Штраус предложил Гофмансталю написать комическую оперу на основе этого недоразумения. Гофмансталя это предложение нисколько не заинтересовало. Он посоветовал Штраусу обратиться к драматургу Герману Бару, который очень высоко ценил его творчество и комедия которого «Концерт» чрезвычайно нравилась Штраусу. Возможно, он согласится развить предложенный Штраусом сюжет. Бар набросал черновик комедии. Штраус от него не был в восторге, да и сам Бар тоже. Он согласился попробовать еще раз и попросил Штрауса наметить подходящие сцены. Штраус это сделал, и его наброски так понравились Бару, что он посоветовал ему самому написать либретто: это же целиком его идея, и требуется очень простой текст. Он прекрасно обойдется безо всякого соавтора. Композитор последовал его совету и за неделю пребывания в санатории написал весь текст пьесы. Штраус включил в пьесу еще один автобиографический инцидент. Его жена однажды познакомилась с очень застенчивым молодым человеком, который оказался порядочным ловкачом и пытался уговорить Паулину одолжить ему крупную сумму денег (в чем, естественно, не преуспел).

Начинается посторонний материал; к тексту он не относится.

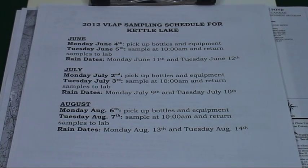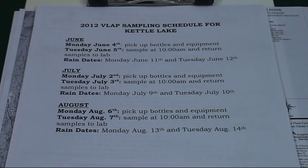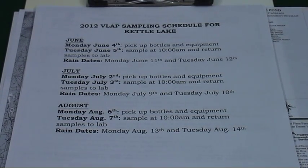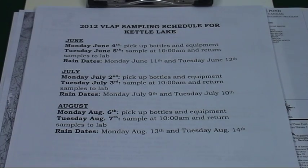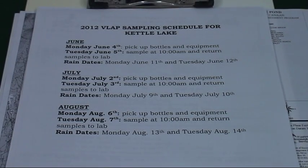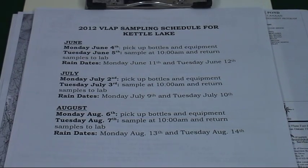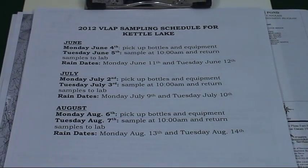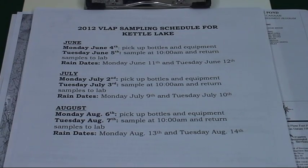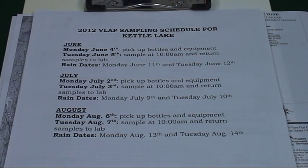The first thing we recommend is drafting a monthly schedule that would include proposed sampling dates and alternate dates if the weather or other events impede. We recommend sampling once per month in June, July, and August. You may sample more or less frequently as desired. Please consult with the VLAP coordinator or your satellite laboratory manager about your proposed schedule. This will allow us to reserve equipment for you and to staff the laboratories accordingly, and also allow you to coordinate with fellow volunteers and lake residents. You may even recruit some new volunteers.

Штраус хотел создать оперу на повседневном материале с прозаическим диалогом, который местами проговаривается, местами поется под пируэты шаловливой музыки. Стиль оперы до некоторой степени похож на пролог «Ариадны».

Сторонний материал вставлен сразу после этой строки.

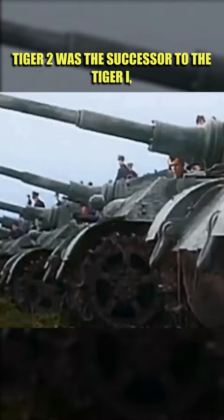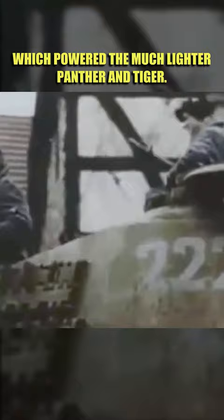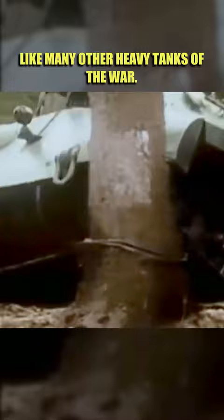Tiger II was the successor to the Tiger I, combining thick armor with the sloping used on the Panther. The tank weighed almost 70 tons, but had the same engine which powered the much lighter Panther and Tiger. It made the Tiger II underpowered, like many other heavy tanks of the war.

Когда Штраус закончил свою маленькую оперу — на что по причине занятости в Венской опере у него ушло почти пять лет, — он написал к ней наукообразное предисловие, в котором объяснял, какую преследовал цель, и прослеживал связь оперы со старонемецкой песенной пьесой.

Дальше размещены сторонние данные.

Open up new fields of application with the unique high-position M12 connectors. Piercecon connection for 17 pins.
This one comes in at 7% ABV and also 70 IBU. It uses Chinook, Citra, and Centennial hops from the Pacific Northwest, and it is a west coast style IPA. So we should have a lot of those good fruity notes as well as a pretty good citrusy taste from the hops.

Но на самом деле эта «бытовая опера» свободна от педантизма, хотя можно усомниться в ее вкусе. Штраус изобразил себя в опере (под именем капельмейстера Роберта Шторча, жену которого зовут Кристина) таким примерным человеком, таким нежным и добрым мужем, что даже Кристина вынуждена воскликнуть: «Ох уж это вечное добросердечие!» Центральной фигурой является Кристина, которая предстает перед нами то мегерой (в первой сцене, где она жалуется на жизнь, негодует на судьбу — зачем ей выпал жребий стать женой знаменитого человека? — и ропщет, что ее муж все время сидит дома, тогда как «нормальные» мужчины ходят на службу); то женщиной, падкой на лесть (при помощи которой сомнительный молодой человек, барон Люммер, с которым она случайно знакомится, пытается втереться к ней в доверие); то придирчивой хозяйкой дома, у которой не задерживаются слуги, потому что она вечно распекает их за нерадивость; то слезливой матерью; то фурией, готовой убить мужа за предполагаемую измену; то любящей женой, которая скрывает свою любовь; и наконец, в заключительной сцене примирения, — нежной подругой, которая падает в объятия вернувшегося капельмейстера со словами: «Какая мы счастливая пара!» Настроение у нее меняется так же часто, как у подруги Героя в «Жизни героя».

Хотя, как сказал сам Штраус, «этот безобидный кусочек жизни» не следует принимать всерьез, он все же иллюстрирует невероятную привязанность Штрауса к жене — привязанность, выходящую за рамки «счастливого брака». Он не питает относительно нее никаких иллюзий. Он смеется над ней. В первой сцене, среди множества других жалоб, она говорит, что происходит из более знатной семьи. В сцене, где Шторч играет с друзьями в скат, те весьма нелестно отзываются о Кристине (Штраус изобразил в опере некоторых своих приятелей, с которыми любил играть в карты), называя ее «ужасной, просто кошмарной женщиной».[265] Интересно, как это понравилось Паулине.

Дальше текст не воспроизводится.